● **Work item**
Starting with the line with "乐鱼国际：提升在线游戏技巧的有效方法" in the entries below and going on through the line with "Movement For Climbers logo", output every line exactly and nothing more. No pictures.

● **Available records**
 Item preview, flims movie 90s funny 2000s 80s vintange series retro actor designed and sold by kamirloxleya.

* * *

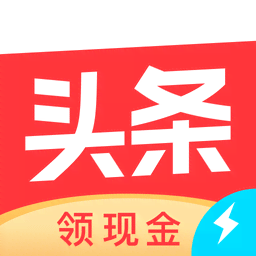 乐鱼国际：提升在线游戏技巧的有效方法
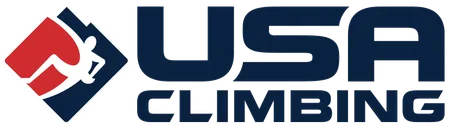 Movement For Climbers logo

---

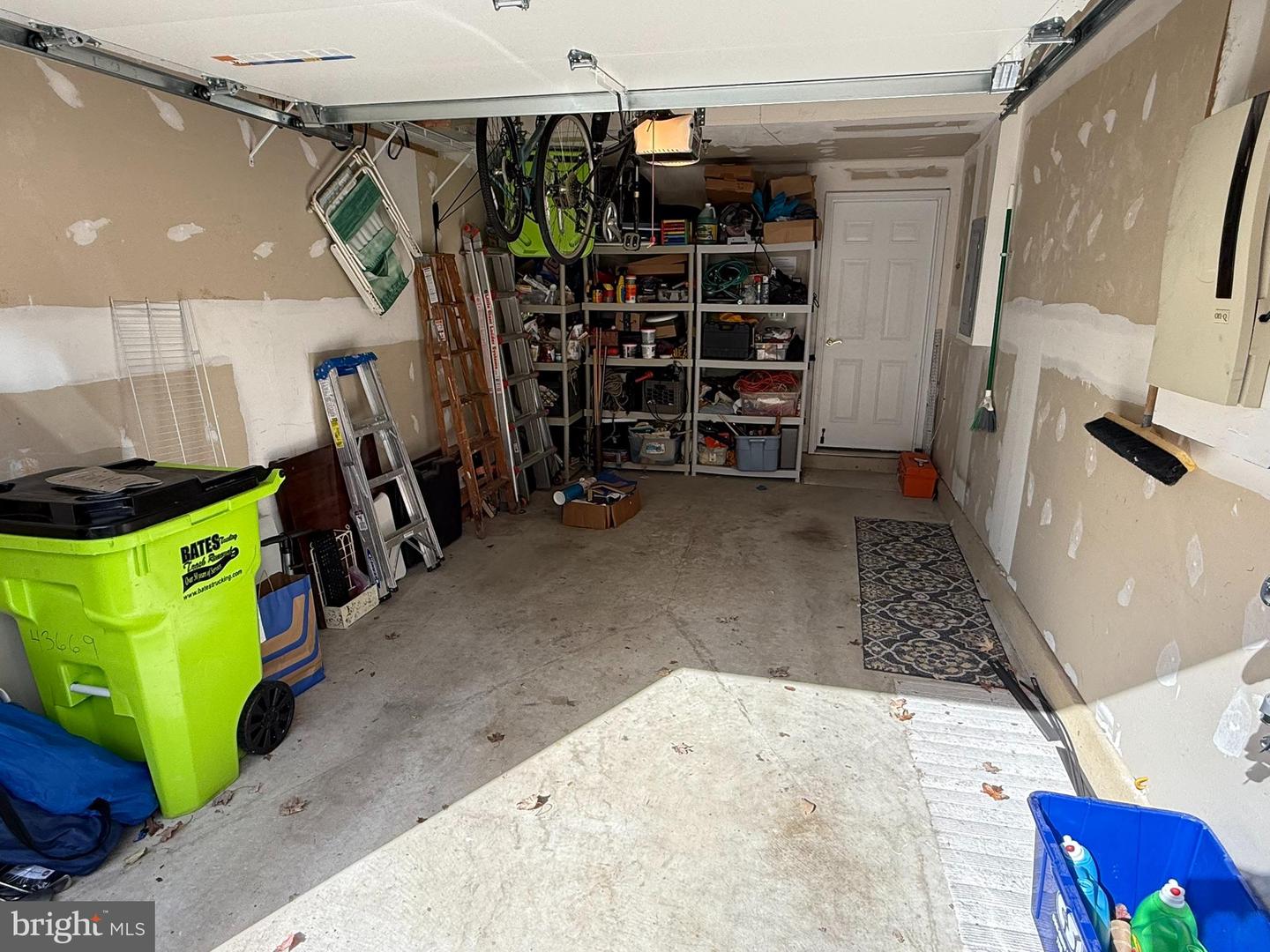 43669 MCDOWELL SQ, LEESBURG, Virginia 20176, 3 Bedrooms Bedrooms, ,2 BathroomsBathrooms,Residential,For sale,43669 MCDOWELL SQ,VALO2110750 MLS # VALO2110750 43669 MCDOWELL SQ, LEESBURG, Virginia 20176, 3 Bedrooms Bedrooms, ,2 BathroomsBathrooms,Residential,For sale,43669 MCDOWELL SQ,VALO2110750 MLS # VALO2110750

● **Your solution**
 乐鱼国际：提升在线游戏技巧的有效方法
 Movement For Climbers logo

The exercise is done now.